WORK INSTRUCTION
Set down each entry exactly as given; pictures should not appear in the copy.

SUPPLIED MATERIAL
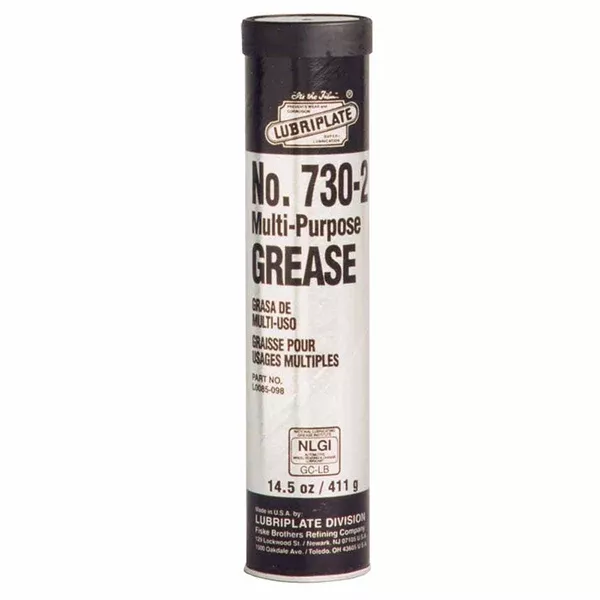 730 Series Multi-Purpose Grease, 14 1/2 oz, Cartridge 293-L0085-098
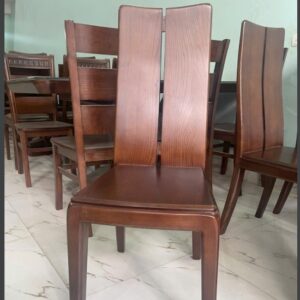 Bộ ghế ăn đẹp ghế ăn gỗ tự nhiên dùng cho gia đình nhà hàng 04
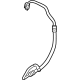 Nissan 92490-6RY0A HOSE FLEXIBLE, HIGH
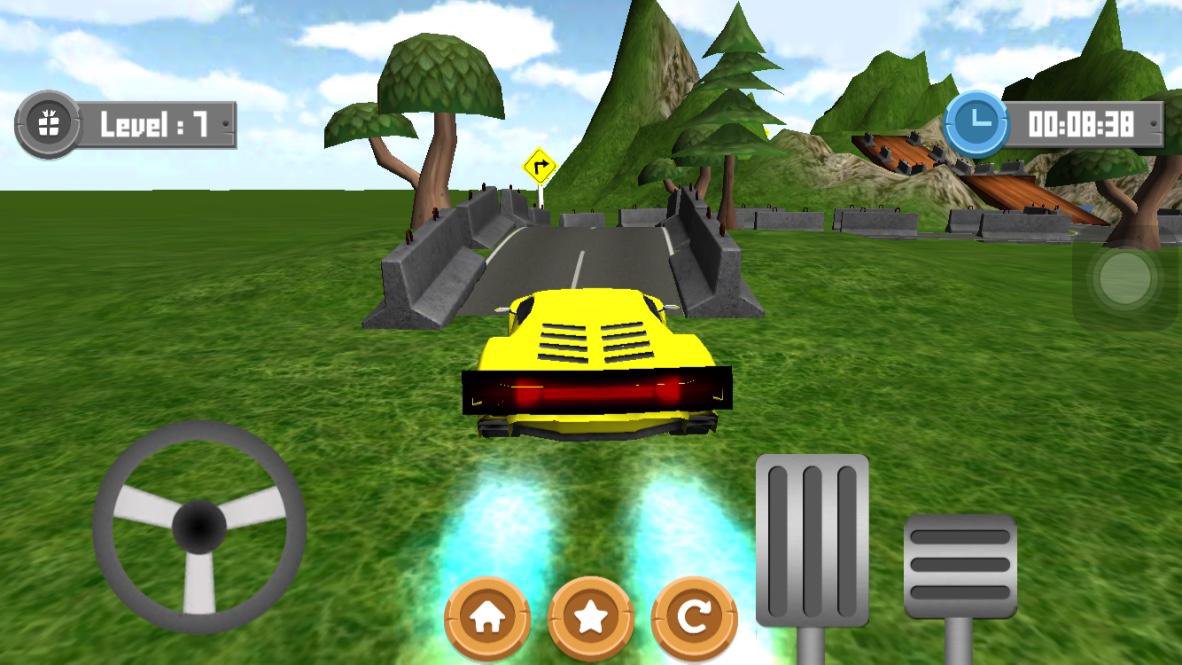 Araba Park City Arazi 3D MUAYENE screenshot 1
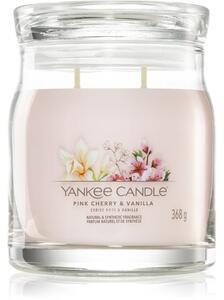 Yankee Candle Pink Cherry & Vanilla mirisna svijeća Signature 368 g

TASK RESPONSE
 730 Series Multi-Purpose Grease, 14 1/2 oz, Cartridge 293-L0085-098
 Bộ ghế ăn đẹp ghế ăn gỗ tự nhiên dùng cho gia đình nhà hàng 04
 Nissan 92490-6RY0A HOSE FLEXIBLE, HIGH
 Araba Park City Arazi 3D MUAYENE screenshot 1
 Yankee Candle Pink Cherry & Vanilla mirisna svijeća Signature 368 g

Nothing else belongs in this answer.